IVP accurately characterizes the degree of ureteral obstruction, kidney function, and important anatomic anomalies in the collecting system, all of which may be helpful to the urologist for determination of definitive therapy. NHCT does not provide direct functional information, but often function and the degree of obstruction can be postulated using secondary signs of hydronephrosis such as perinephric stranding, ureteric dilatation, kidney size, and forniceal rupture. These secondary signs can also be used for diagnosis of kidney stones when the stone itself is not visible or an indefinite calcification is identified.23 The presence and severity of these secondary findings, however, play no role in determination of conservative versus interventional therapy.24 Boulay et al. claimed that stone size was the only parameter that correlated with the type of definitive therapy a patient would receive.24 This suggests NHCT alone is adequate for the diagnosis and treatment of kidney stones in patients with normal anatomy.

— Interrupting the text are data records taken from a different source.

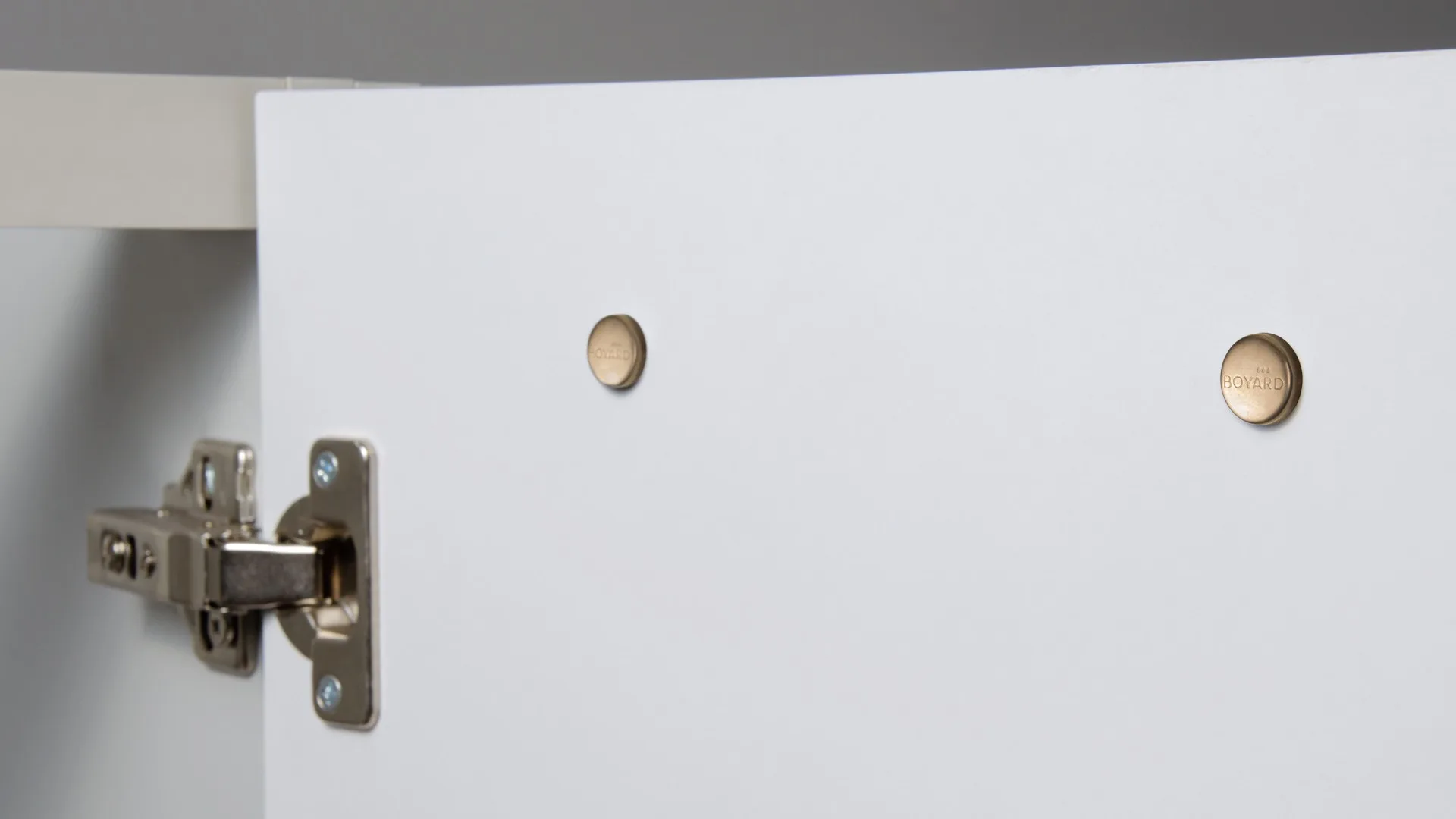 Декоративные заглушки для винтов RZ001AB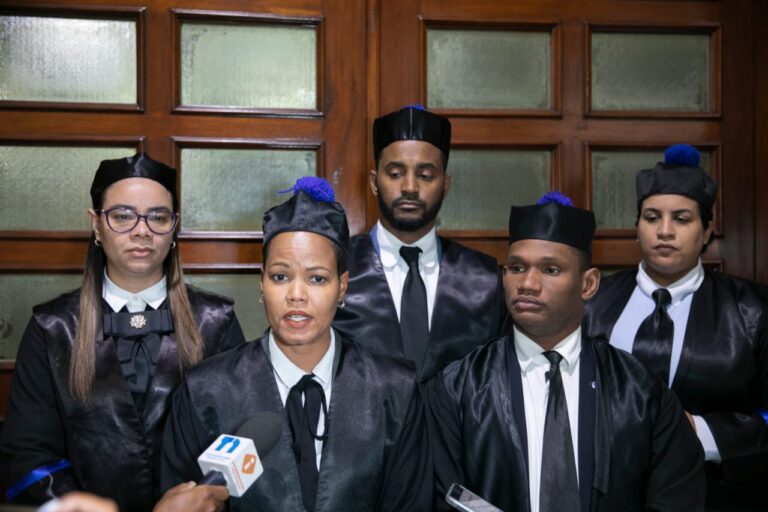 Acusados en caso Super Tucano podrían enfrentar 10 años de prisión y multas de US$7 millones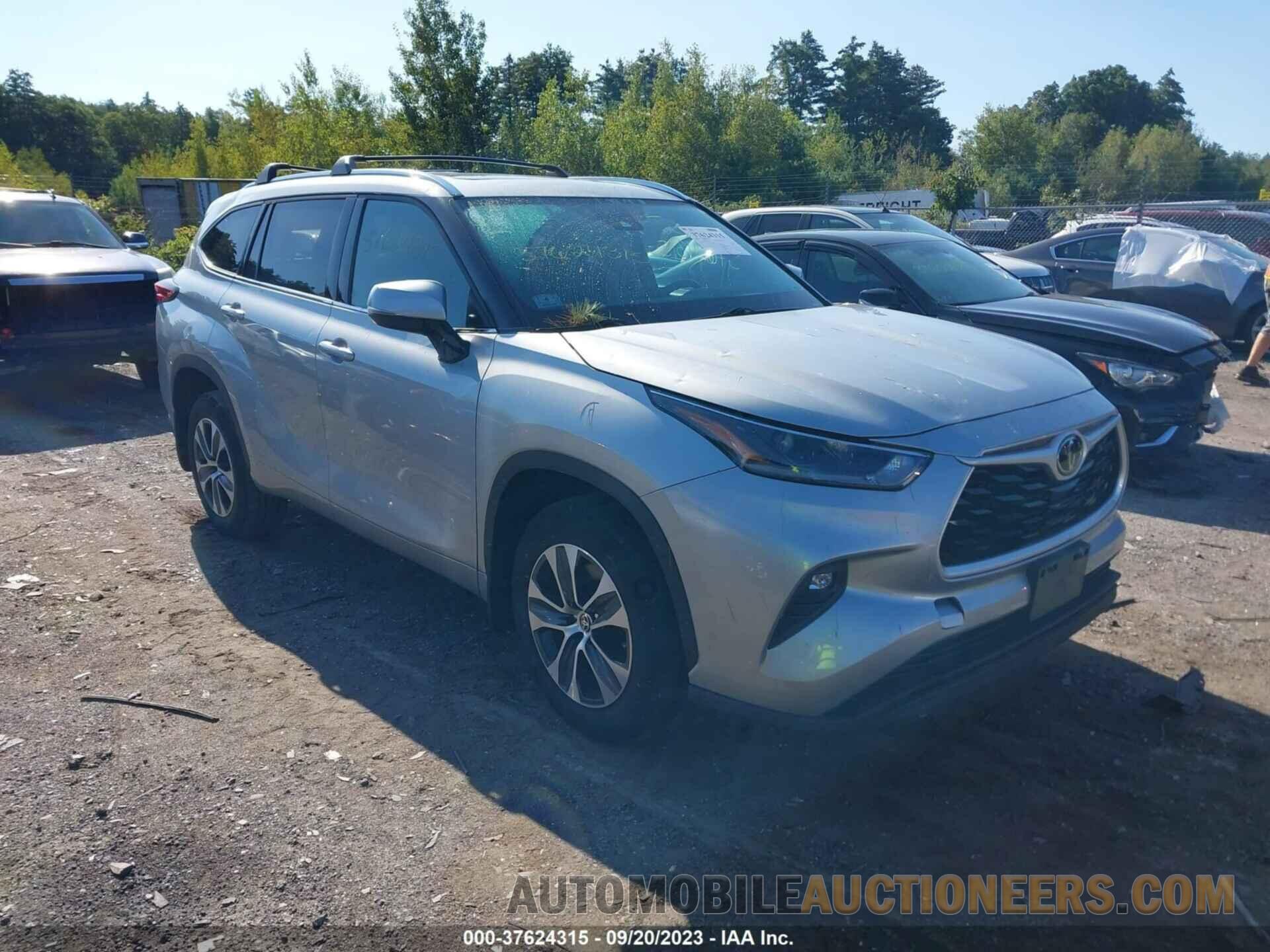 5TDGZRBH2MS529481 TOYOTA HIGHLANDER 2021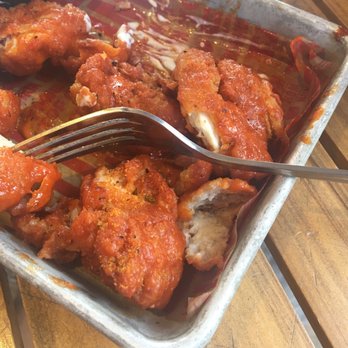 Applebee's Grill + Bar - Boneless wings with barely any wing sauce and breaking falling off before you put your fork in. Terrible - American Near Me - Clark, New Jersey Applebee's Grill + Bar - Boneless wings with barely any wing sauce and breaking falling off before you put your fork in. Terrible - American Near Me - Clark, New Jersey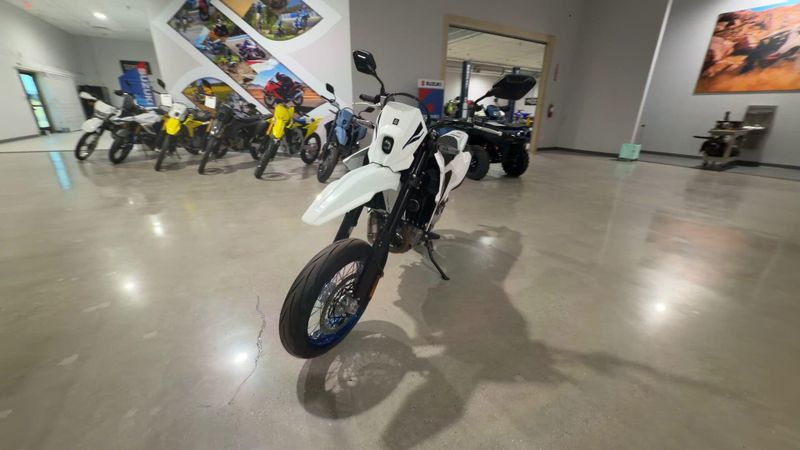 New 2025 Suzuki DR-Z4SM Image 7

NHCT has some disadvantages, however. First, NHCT requires the patient be exposed to radiation doses approximately three times higher than that of IVP.25 This has especially high implications in patients with repeated bouts of flank pain due to higher stone burden or malingering. Interestingly, a recently published article suggests that there is no difference in the diagnostic accuracy for reduced dose NHCT using reduced tube current.26 One may consider other imaging modalities such as ultrasound or magnetic resonance imaging (MRI) in children or the pregnant patient.

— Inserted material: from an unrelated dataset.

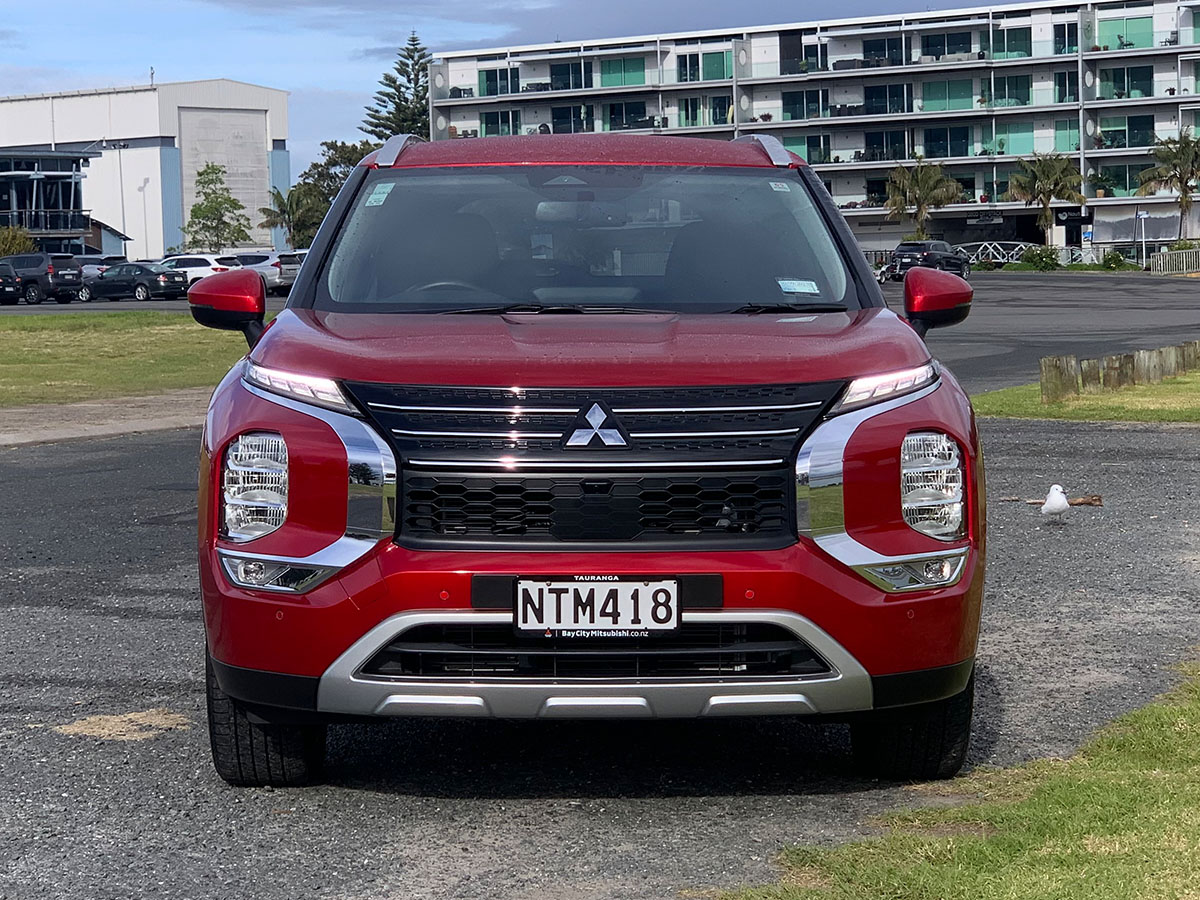 2021 Mitsubishi Outlander XLS 2WD 7 Seater 2.5L Petrol Auto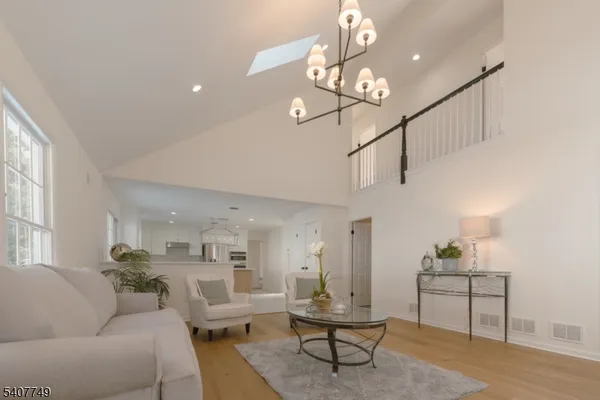 $1,395,000 | 7 Sycamore Way, Warren, NJ 07059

Second, there has been controversy over the total cost of NHCT vs. IVP. Contrary to previous studies suggesting no difference in the charges (what the patient is billed) between NHCT and IVP, Li et al. claim that IVP is one quarter the price of NHCT.19 However, when considering the indirect costs such as length of stay, manpower utilization, and additional testing in cases with vague results, IVP ultimately may prove to be more expensive.27,28

Ultrasound. Previous studies have concluded that ultrasound has consistently low sensitivity for detection of urinary calculi (37-64%).29-33 Bedside ultrasound performed by the emergency physician to detect hydronephrosis also has had low sensitivity and specificity in prediction of kidney stones (72% and 73%, respectively).34 Ultrasound can be useful in select patients in whom radiation exposure should be avoided (pediatric and pregnant patients) despite its poor performance.31 Ultrasound yield also may vary depending on operator experience, body habitus, and presence of bowel gas and adjacent bone structures. These findings support the use of NHCT as the primary imaging tool for flank pain in the ED.

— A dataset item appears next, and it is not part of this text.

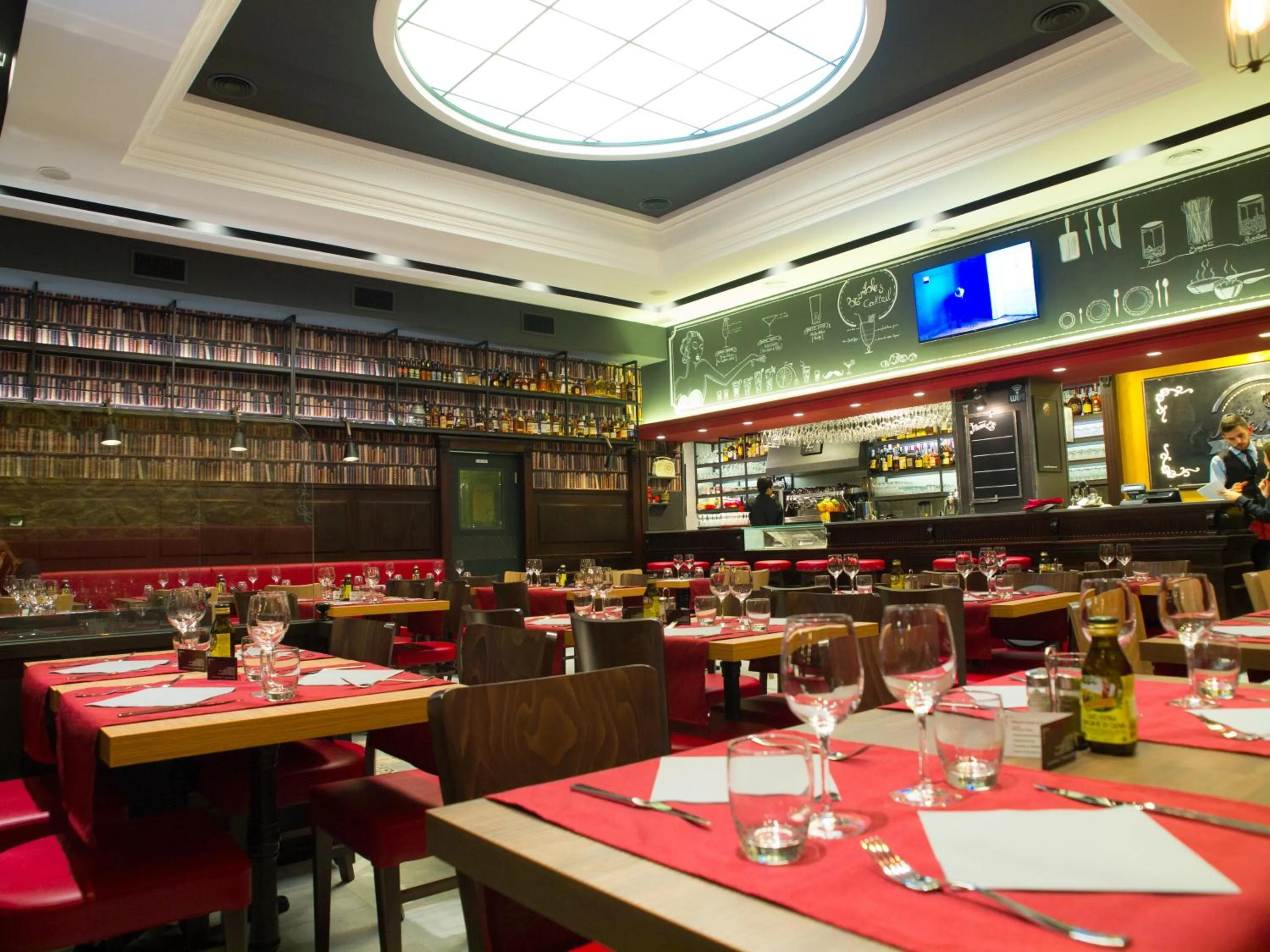 Restaurant/places to eat in Alessandro Palace & Bar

Magnetic Resonance Imaging (MRI). MRI, or more specifically, magnetic resonance urography (MRU) has been studied for evaluation of patients with acute ureteral obstruction. The major advantages of MRU are elimination of radiation exposure, enhanced identification of extrarenal causes of obstruction (such as neoplasm or hematoma), and the ability to accurately relay information about the structure and function of the urinary tract.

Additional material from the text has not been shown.